Por isso, sempre que
podia, frequentava as belas praias de São Tomé. Comecei por manter estreitos
contactos com os pescadores, homens corajosos e simpáticos. Aprendi a equilibrar-me nas suas
canoas, começando primeiro por dar pequenos passeios de praia em praia., até
que por fim veio a paixão - E, a
par disso, também outras interrogações: perguntava-lhes se já tinham ido de
canoa à Ilha do Príncipe, respondiam-me que "só canoa de gente de
feitiço" é que o tornado a levava ao Príncipe ou ao Gabão; "outra,
vem gandú (tubarão), vira a canoa e come-lhe a perna" . Achava que era uma
superstição, sem fundamento e havia que desfazer esse fantasma: concluía
que, se o tornado arrastava para lá a canoa, involuntariamente, também lá se
podia ir por vontade própria.
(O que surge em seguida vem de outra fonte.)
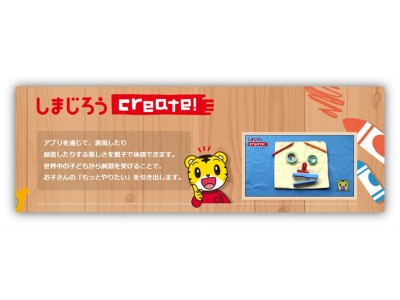 アートを通じて子どもの創造力と表現力を伸ばすアプリ『しまじろうCreate!』が新登場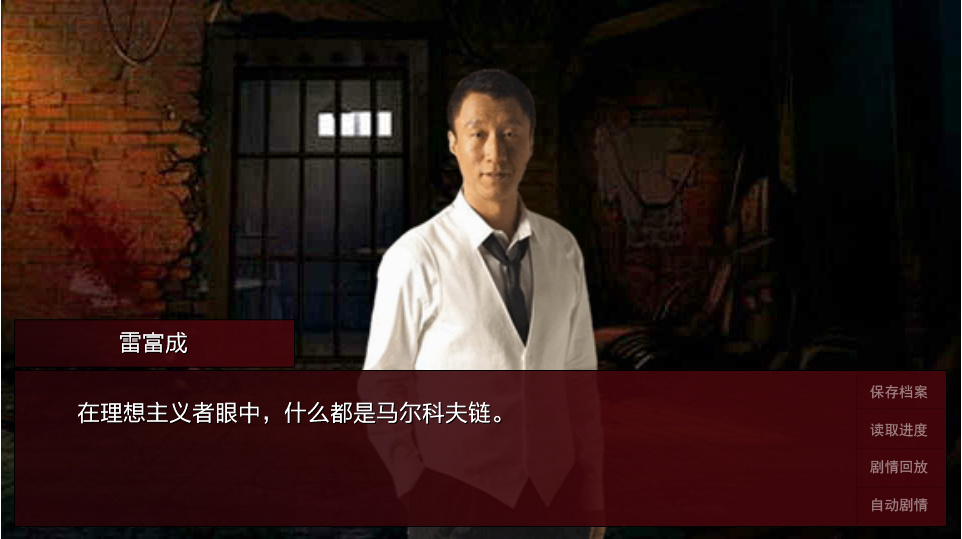 《潜伏之赤途》全流程通关攻略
Face a essas lucubrações, comecei a pensar que,
um dia, eu devia fazer-lhe essa demonstração - A par disso, questionava-me
também sobre o seu passado longínquo: se não teria sido através das canoas que
os seus ancestrais não teriam vindo do continente africano.

Não tenho meios de
comunicar com ninguém. Disponho apenas da orientação de duas bússolas: uma que
trago no pulso, como se fosse o meu relógio, outra fixada junto à ponte
da proa. Se morrer afogado no mar eu tenho a certeza que ninguém vai saber o que me aconteceu ou chorar
nesse momento a minha falta. Mesmo a família, da qual tenho estado
bastante ausente. A minha mãe faleceu, dois anos depois de eu ter chegado a São
Tomé . Sei que o meu pai, os meus dois irmãos e a minha irmã me não
esquecem. Mas a vida deles e de todos os meu familiares, é como se fizesse
parte de outro mundo...Quem é que poderá imaginar onde eu agora estou e a fome
que me tortura e a solidão em que me encontro? Amo a natureza e vejo no
mar a mais íntima forma da sua aproximação. Cada vez mais me sinto
atraído pelo seu misterioso canto. O isolamento é uma forma de o encontrar, de
mergulhar na sua indescritível magia. Sim, fisicamente, sou para aqui um
farrapo humano. Uma criatura desprezível, as forças vão-me
faltando. Sem nada com que matar a fome. No entanto, talvez por isso mesmo,
mais purificado, mais sensível e fortalecido espiritualmente. Sim, porque o mar
não é só esta imensa vastidão. O mar é vida. Umas vezes meigo, suave, dócil,
belo e acariciador; outras vezes, cruel, impiedoso, impaciente e infernal
Agora, nesta manhã
acinzentada, não será bom nem mau, nem triste nem alegre: ondula, freme,
move-se numa turbulência que nem me agrada nem me desagrada. Não me encanta nem
desencanta.. É realmente terrível o seu poder. Não é egocêntrico. Não vive
apenas para dentro dele. Transmite e afeta todo o meu estado de alma. É pena
vê-lo agora encrespado, tão sisudo e não tão comunicativo como costuma ser.
Mesmo assim, faz-me sentir próximo dele. Embora, com outras palavras, é o que
vou já transmitir para o meu gravador - O fiel registo dos meus
sentimentos, que guardo como se fosse o cálice de um sacrário no meu baú de
plástico, um velho contendor do lixo, que o meu amigo Germano Castela, fez o
favor de me dispensar.
Diário de Bordo 1 (continuação) Esta manhã aparece com o mar
relativamente cavado, com uma certa carneirada. O céu nublado. Não
totalmente mas com nuvens escuras que ameaçam chuva. ..Um pormenor curioso a
que eu não fiz referência: na noite de ontem, eu tive oportunidade de observar
um eclipse total da lua.
A noite em que observei um eclipse total da Lua - Calculo que por volta da meia-noite - - O céu e o mar ficaram mais negros que nem na mais negra noite de tempestade - Não se enxergava um palmo à frente do meus olhos - Nem sequer os contornos da piroga - Durante quase hora e meia foi como se o mundo não existisse. O mar e o céu pareciam unidos nas mesmas sombras e pela mesma escuríssima cortina - Senti uma profunda solidão! - Tanto mais que havia mais nuvens que abertas, que por sua vez iam também eclipsando as estrelas e tornando-as ainda mais longínquas - Além de que o mar permaneceu toda a noite muito cavado. Mas não poderei dizer que fosse uma noite muito anormal - Pior teria sido se chovesse. Direi que a observação daquele Eclipse lunar foi apenas um episódio em mais uma longa noite de vigília e de reflexões na minha vida.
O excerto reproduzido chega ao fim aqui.